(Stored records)
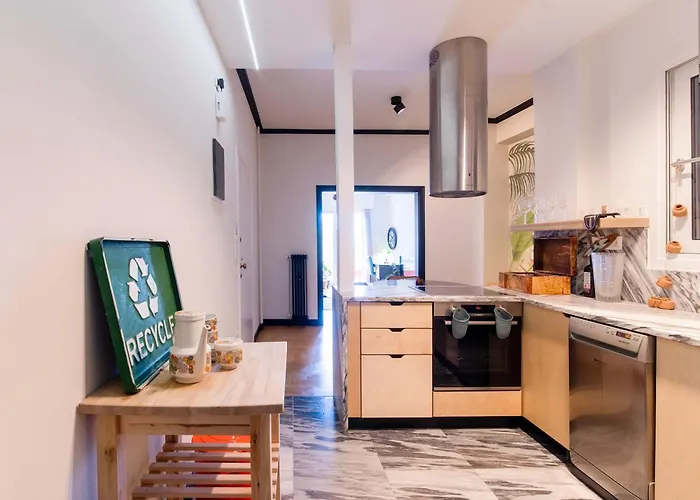 O&O Group Stylish Jungle Retreat Kolonaki Center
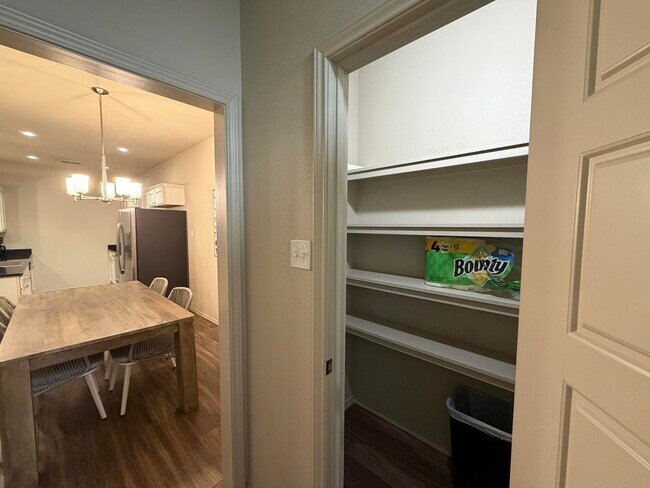 Building Photo - 2111 10th St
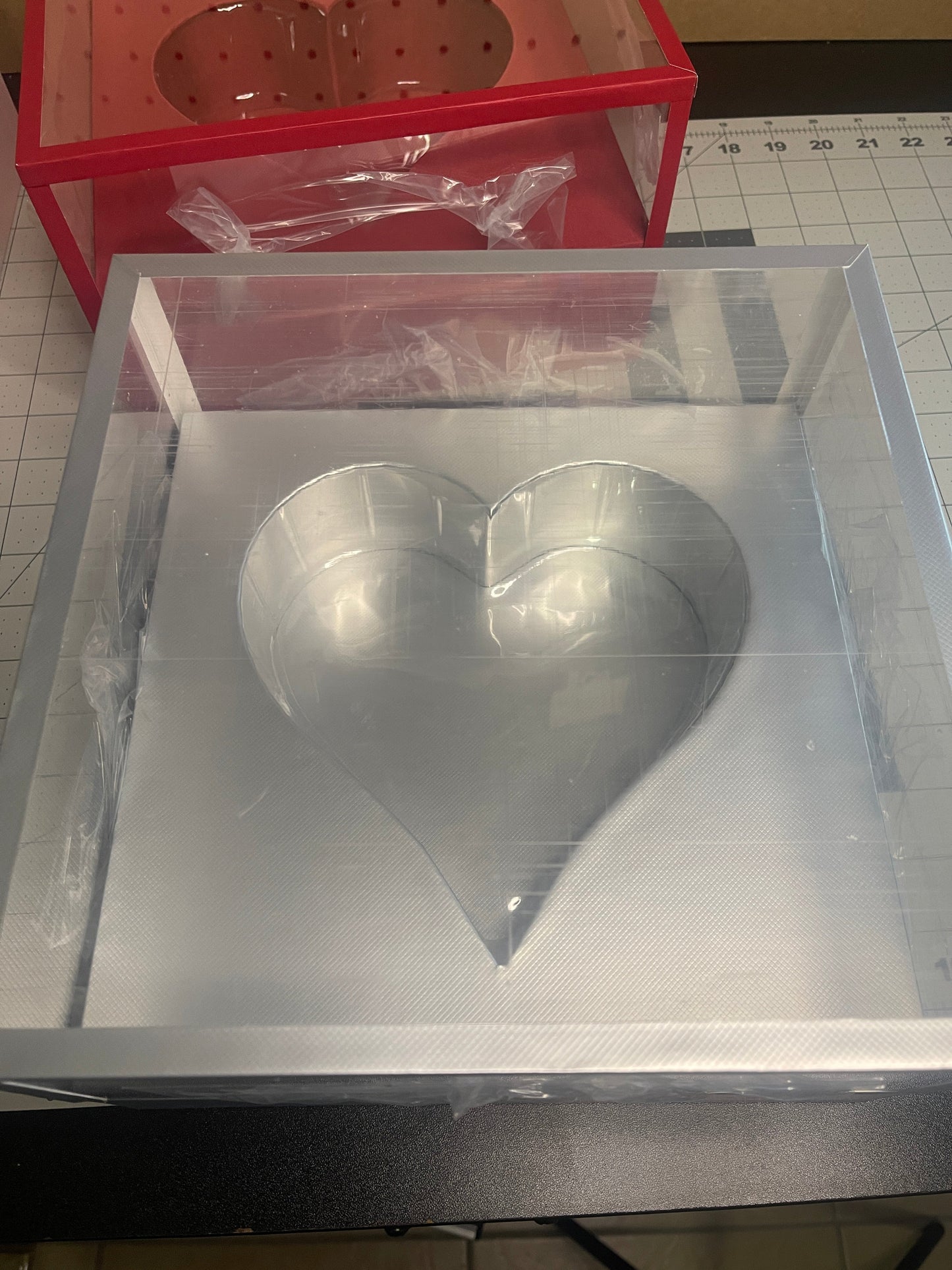 Acrylic Heart Medium box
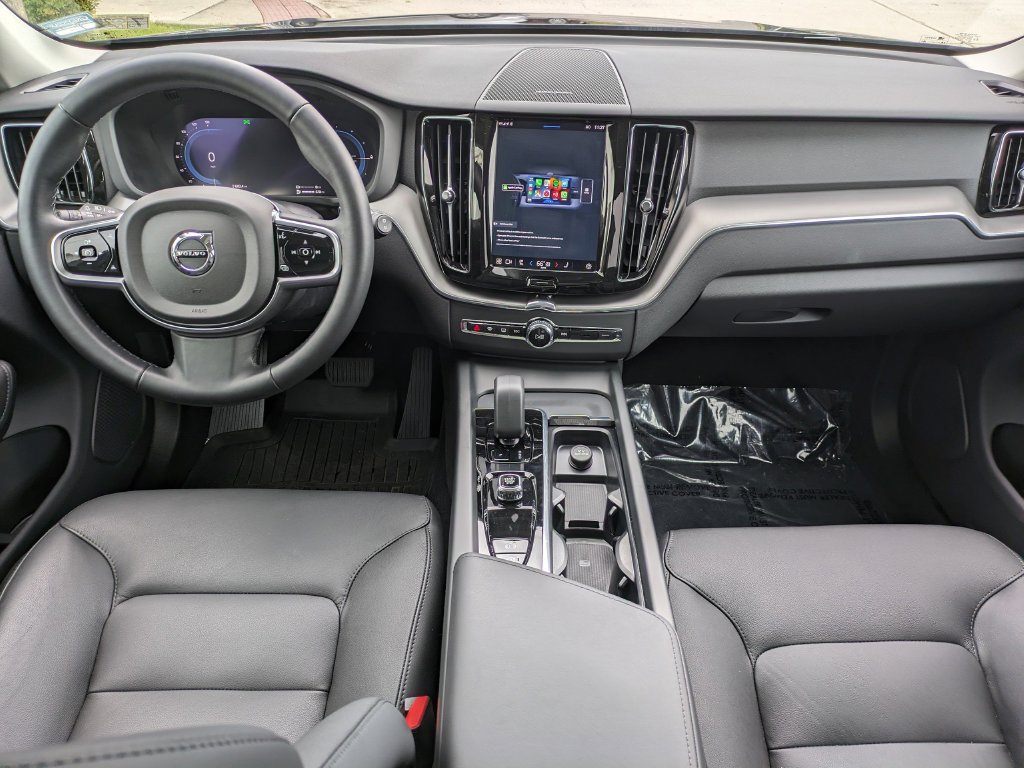 New 2025 Volvo XC60 T8 Plus w/ Protection Package Premier AWD/4WD image 14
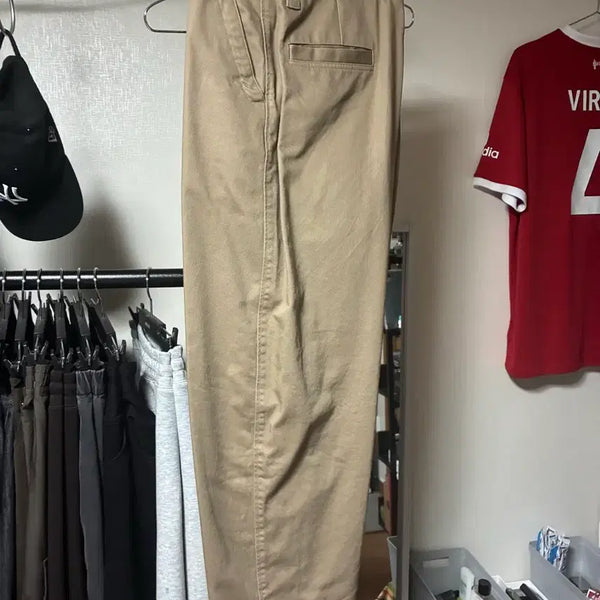 [BUNJANG] Uniqlo U Wide Fit Chino Pants Beige Size 91 / 유니클로U 와이드핏 치노 팬츠 91사이즈 (빅사이즈)
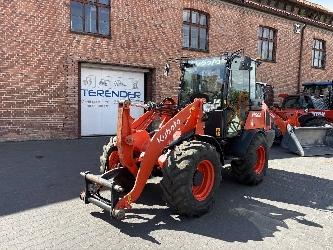 Kubota R 082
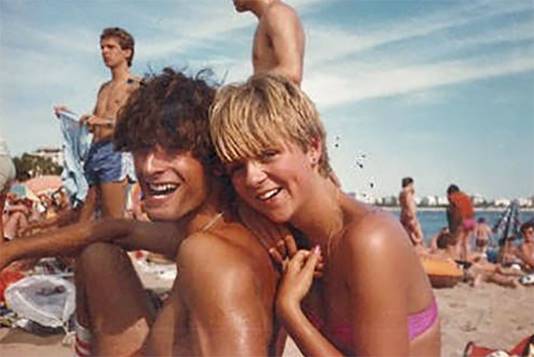Alexander en Caroline op het Franse strand.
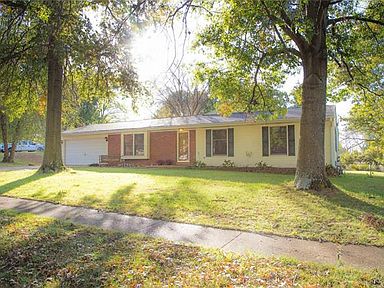 141 E Donaldson Dr Saint Louis Mo 63129 Realtor Com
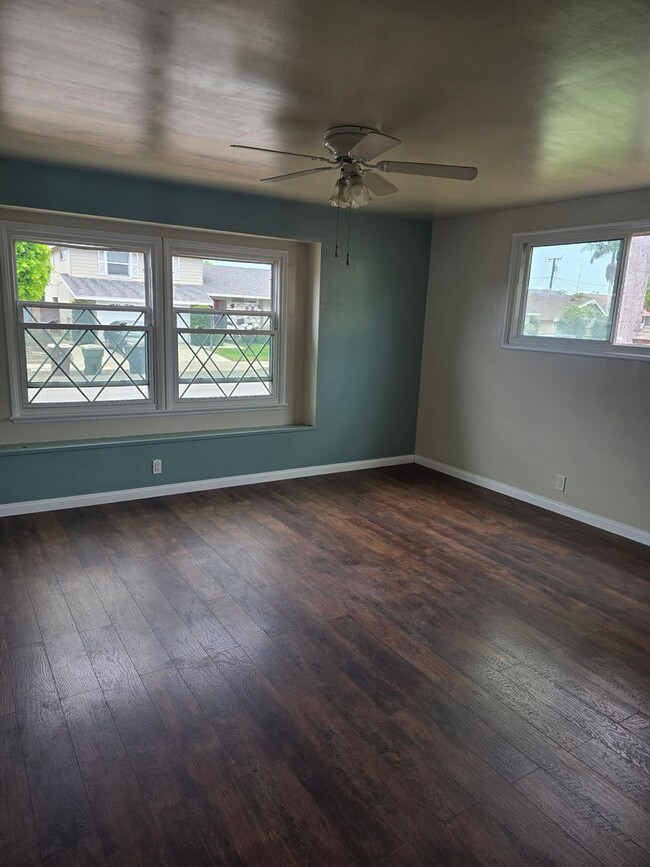 Foto del edificio - Spacious Home in Anaheim for Rent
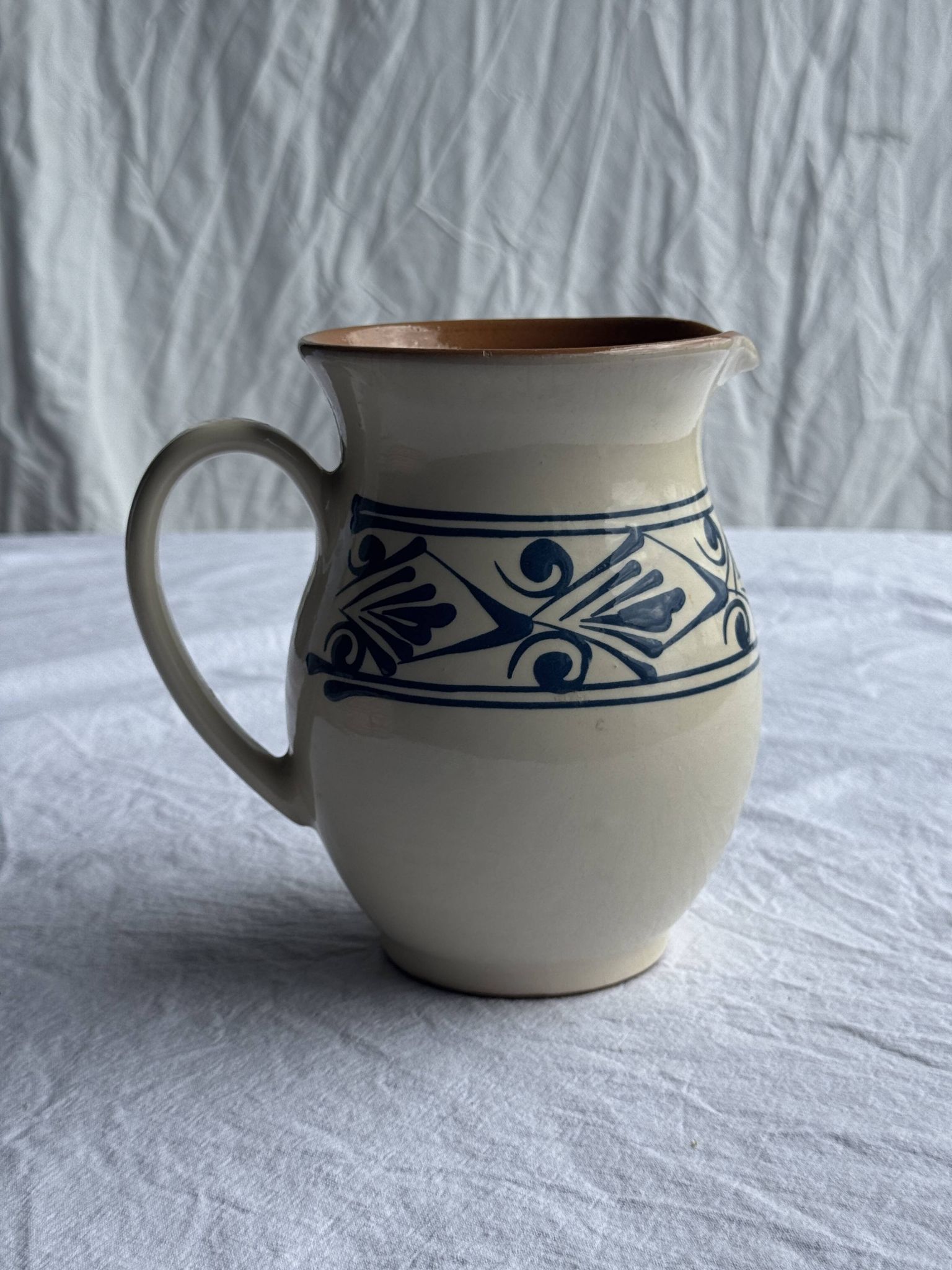 Pichet blanc vintage à frise végétale stylisée bleue H17,5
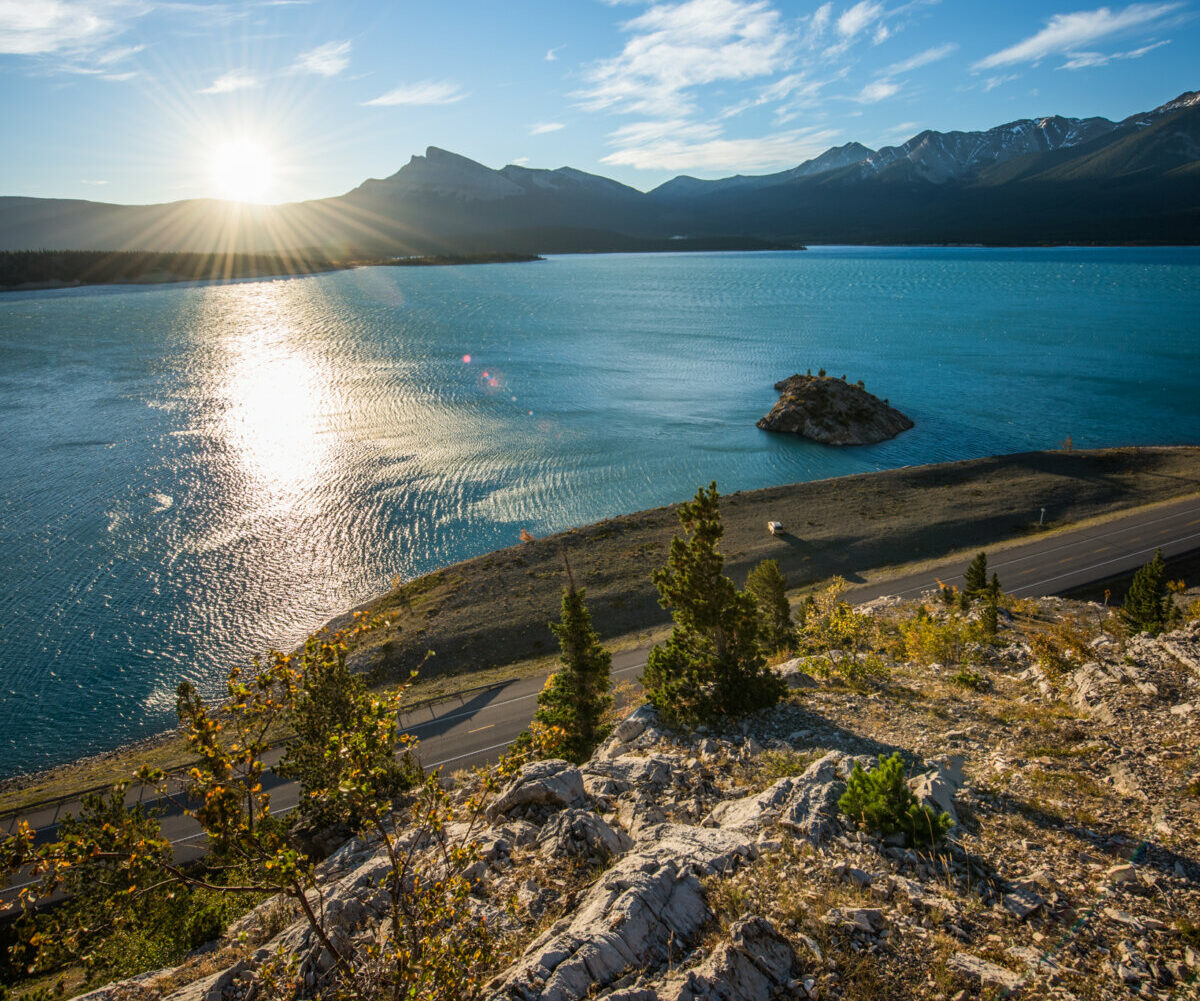 15 MustVisit Lakes in Alberta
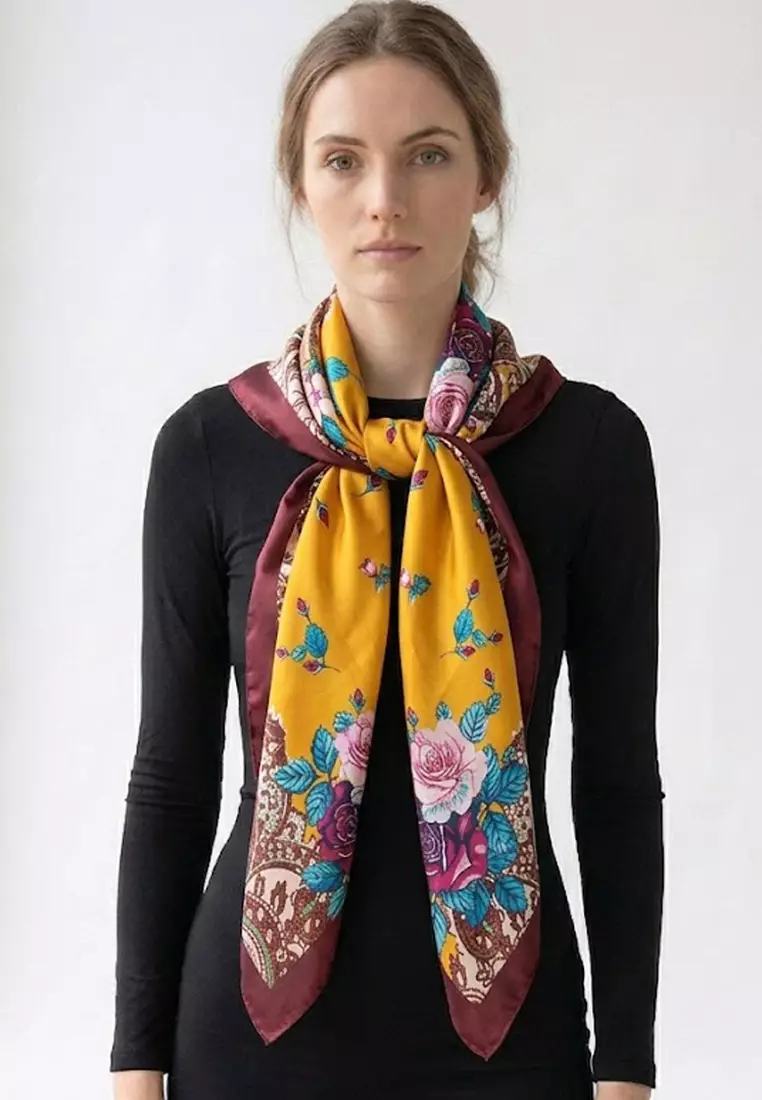 Aksesoris Scarf Segi Empat Floral Rosa Poly-Satin Square Scarf Yellow, Brown & Multi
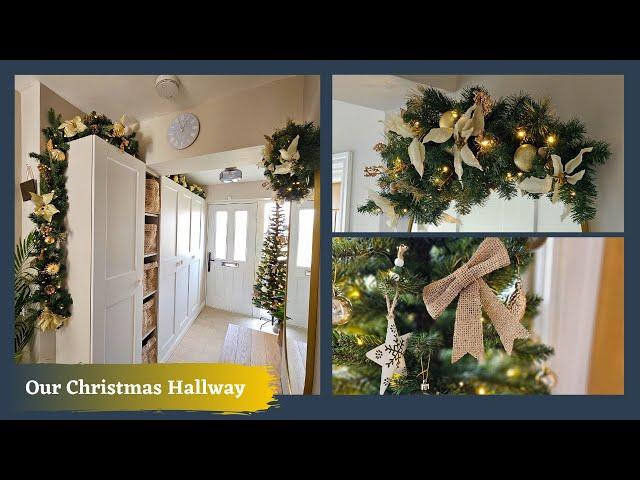 Christmas Hallway Decorations With We R Christmas #AD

* WHAT YOU ARE ASKED TO DO: All of the data should be returned word for word, with each picture left out.

* THE ANSWER:
 O&O Group Stylish Jungle Retreat Kolonaki Center
 Building Photo - 2111 10th St
 Acrylic Heart Medium box
 New 2025 Volvo XC60 T8 Plus w/ Protection Package Premier AWD/4WD image 14
 [BUNJANG] Uniqlo U Wide Fit Chino Pants Beige Size 91 / 유니클로U 와이드핏 치노 팬츠 91사이즈 (빅사이즈)
 Kubota R 082
Alexander en Caroline op het Franse strand.
 141 E Donaldson Dr Saint Louis Mo 63129 Realtor Com
 Foto del edificio - Spacious Home in Anaheim for Rent
 Pichet blanc vintage à frise végétale stylisée bleue H17,5
 15 MustVisit Lakes in Alberta
 Aksesoris Scarf Segi Empat Floral Rosa Poly-Satin Square Scarf Yellow, Brown & Multi
 Christmas Hallway Decorations With We R Christmas #AD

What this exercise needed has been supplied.